The chandelier in the West Virginia Capitol shines for all of the state’s citizens. Photo by Perry Bennett, Legislative Photographer.

BY STEPHANIE TYREE, EXECUTIVE DIRECTOR, AND TAYLOR BENNETT, POLICY COORDINATOR, THE HUB

In our work at The Hub, we see first-hand how welcoming new ideas, changing positions at the encouragement of our fellow residents, and working to understand one another can guide communities to solutions that make our state stronger.

We know that the work of strengthening our state happens collaboratively. Arriving at strong, and equitable, solutions is the result of a willingness to lean into work happening across the ideological spectrum while maintaining an open mind.

We see this type of collaboration happening every day in the heart of vibrant West Virginian communities.
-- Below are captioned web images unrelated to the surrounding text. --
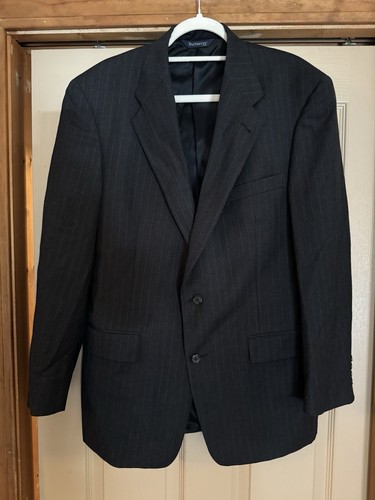 Giacca cappotto sportivo blazer 2 bottoni lana peggiorata BURBERRY LONDON 40 corto blu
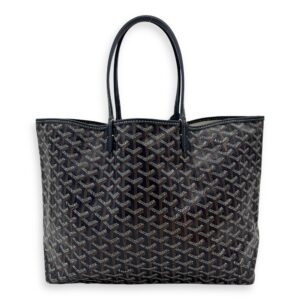 Saint Louis PM Blue Tote Bag in Coated Canvas, Silver hardware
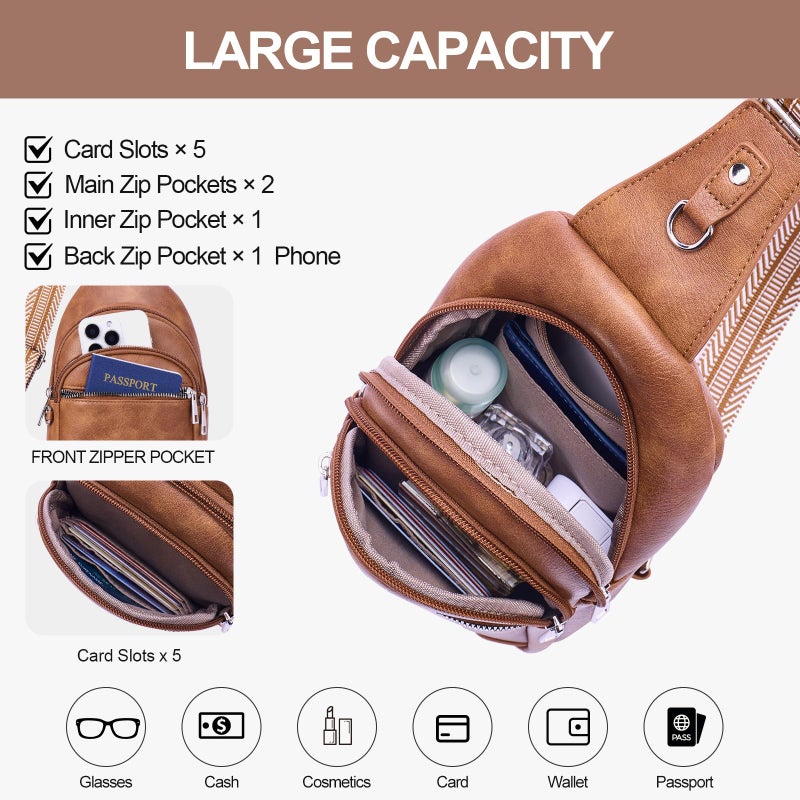 Lexiyat Anti Theft Crossbody Bags for Women Travel Chest Sling Bag Leather RFID Purse Fanny Pack Brown - Image 4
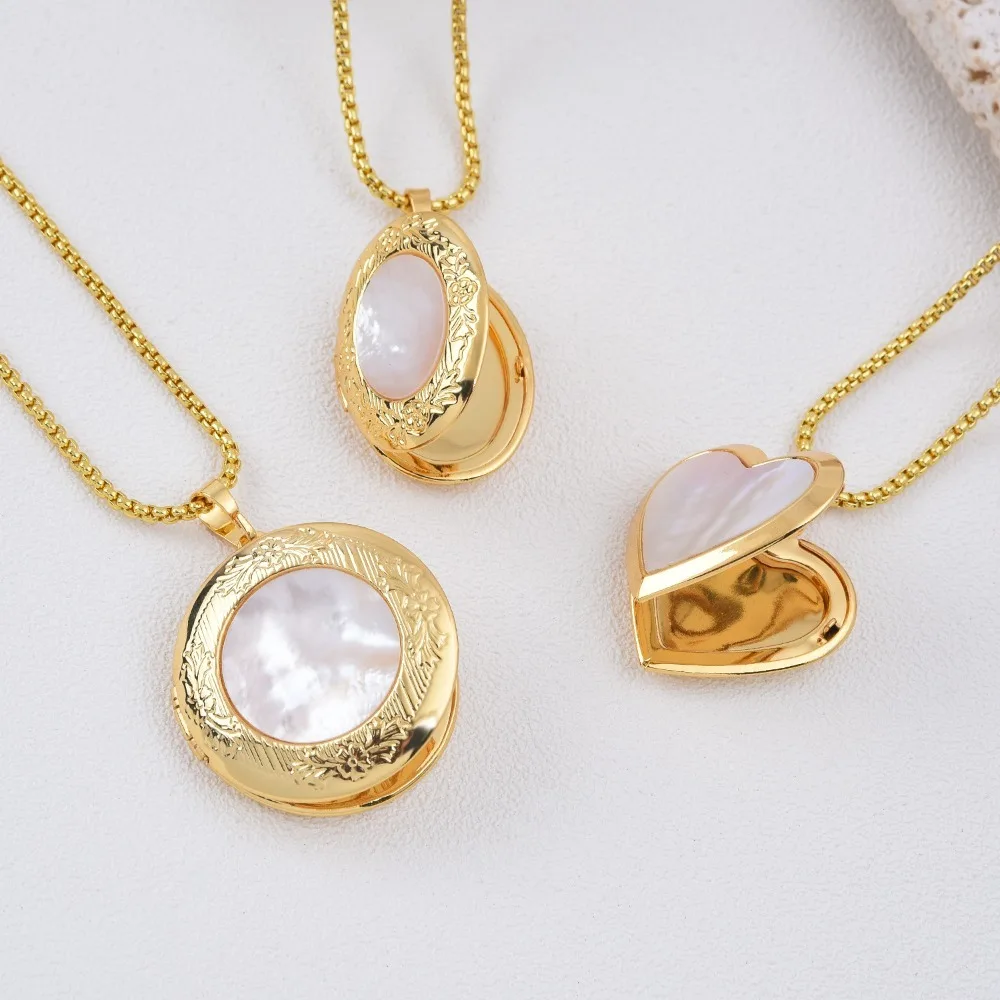 

1 Pcs Brass Plated Shell Photo Box Pendant DIY Necklace Jewelry Making Round Oval Heart Vintage Carved Openable Charm Accessorie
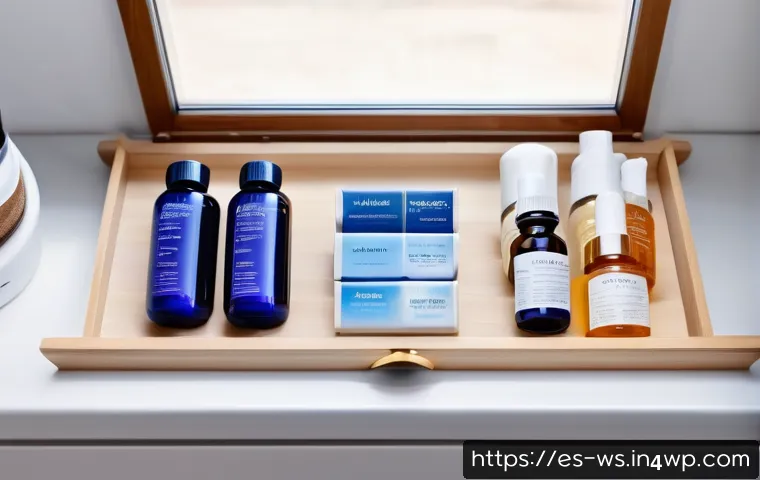 천연 스킨케어 제품의 보관 방법 - A cozy, softly lit bedroom drawer neatly organized with various natural skincare products in amber a...
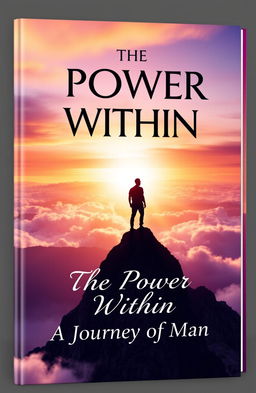 A visually captivating book cover for a motivational book titled 'The Power Within: A Journey of Man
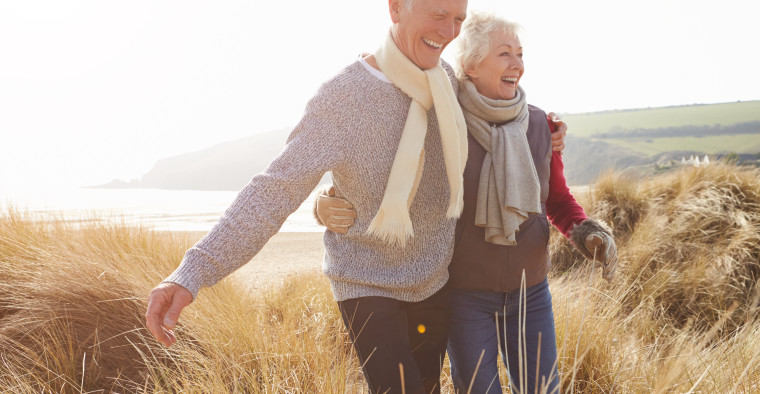 Senior couple choosing insurance plan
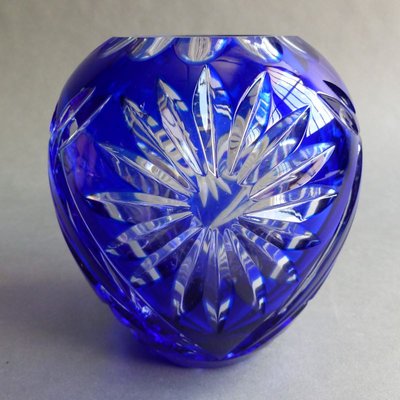 Vintage Blue Lead Crystal Vase from Tritschler Winterhalter, 1960s-WK-739833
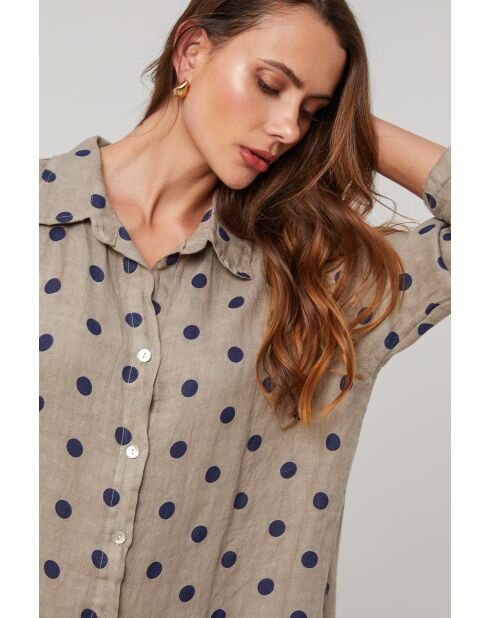 Taupe linnen jurk in neonkleur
This way of working demands mutual respect and care in the way we interact with one another, and in the way we speak to and about each other.

While we don’t typically use the Legislative Hubbub to advocate for specific bills or comment on individual legislator’s actions, we believe we must make an exception this week.
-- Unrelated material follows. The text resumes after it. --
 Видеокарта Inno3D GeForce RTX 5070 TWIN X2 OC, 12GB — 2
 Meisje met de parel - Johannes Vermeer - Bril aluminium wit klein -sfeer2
(This statement originally appeared in our weekly e-newsletter sent during WV’s legislative session, the Legislative Hubbub. Click here to sign up.)
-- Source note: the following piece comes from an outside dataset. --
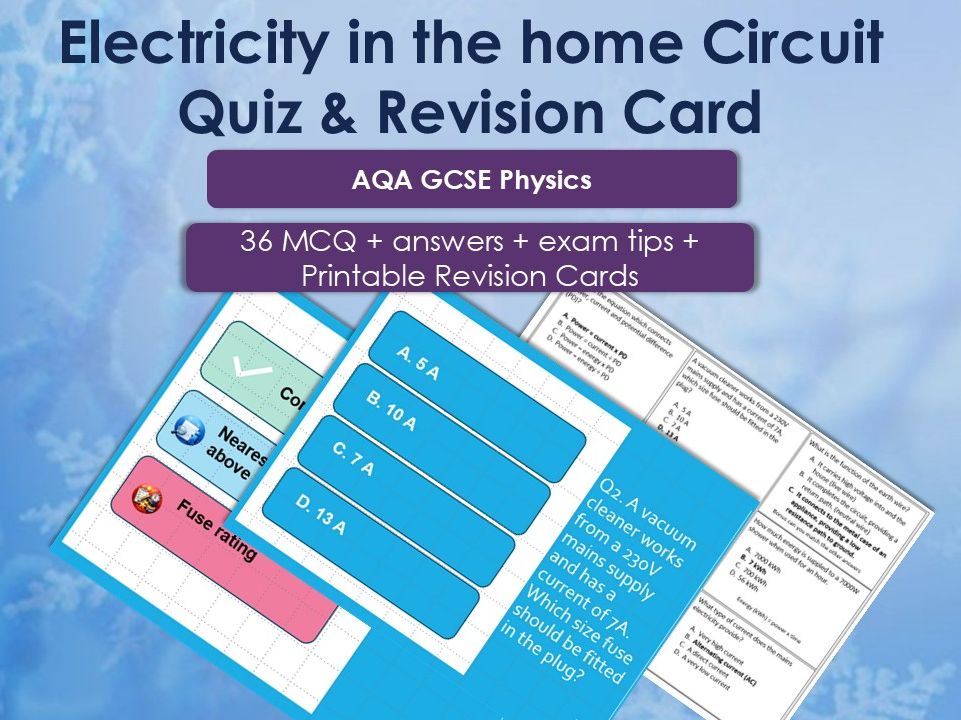 AQA GCSE Physics Electricity in the Home Revision Bundle | Quiz + Printable Question Cards
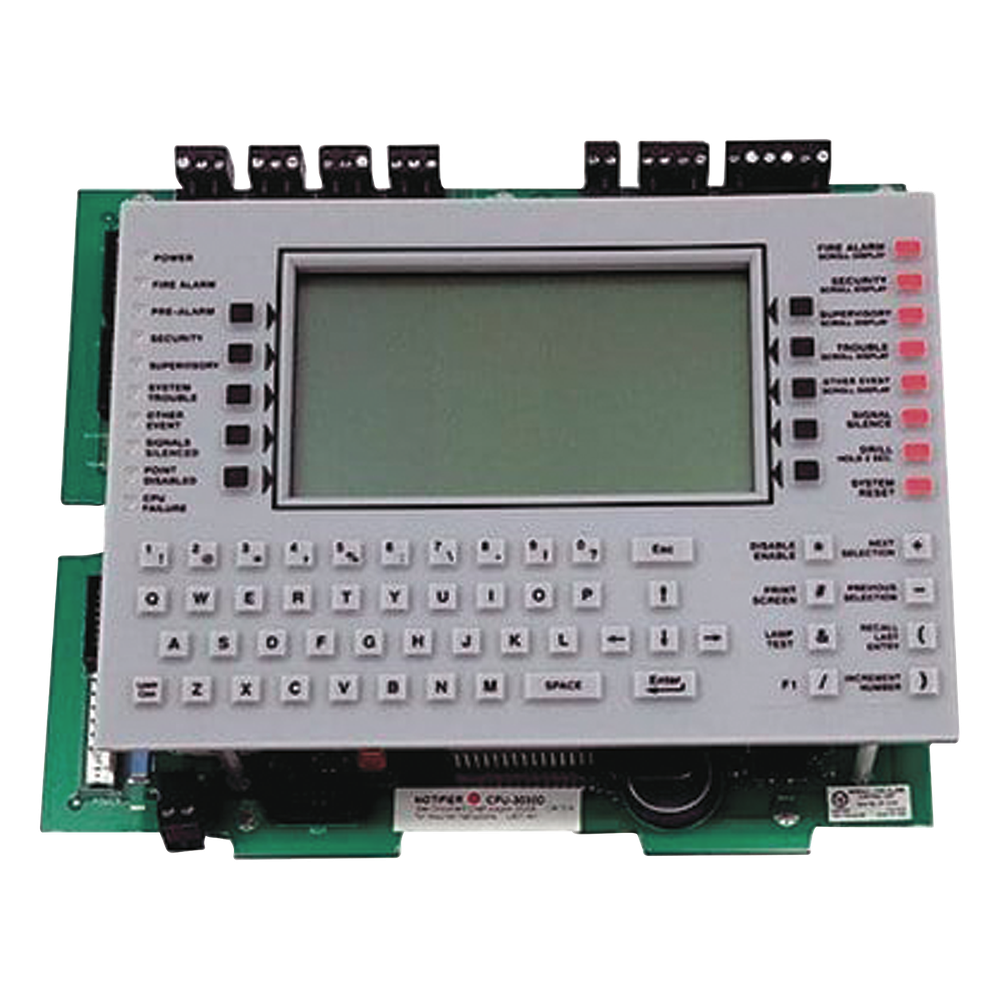Unidad central de procesamiento con pantalla LCD de 640 caracteres y teclado QWERTY, en español, para panel de detección de incendio NFS2-3030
When words are spoken by a legislator that directly denigrate or attack an entire group of people, we know that silence is not enough.

The Hub rejects the statements made this past week by Delegate Eric Porterfield relating to the LGBTQ community – statements that he made first in a committee meeting and later reiterated multiple times to local and state media.

We believe his position does not reflect the values of our state, the actions we see on the ground in communities, or the vision for West Virginia’s future that we see community members building each and every day.

Communities suffer as a result of discrimination and hateful language, and the outcomes go beyond ideological divisions. Divisive language and policies undermine the integrity of our political systems, and they ripple through our communities.

Using this kind of language does not model the type of leadership that will build a brighter future for our state. Further, leading in this manner disrupts the important work that needs to be accomplished during our short, 60-day legislative session.

Delegate Porterfield does not speak for us, and we do not believe he speaks for the hundreds of community leaders we work with across the state every day.

Dark words can lead to positive action when people come together in a response that rejects such divisiveness.

Over the past week, we have seen many examples of West Virginians who are making space for conversation about creating the kind of state that they want to live in, including a vision that builds on principles of true collaboration and respectful discourse. We also see many West Virginians who are deepening their investment to actively participate in shaping a new future for West Virginia.

That’s the West Virginia that we know and believe in.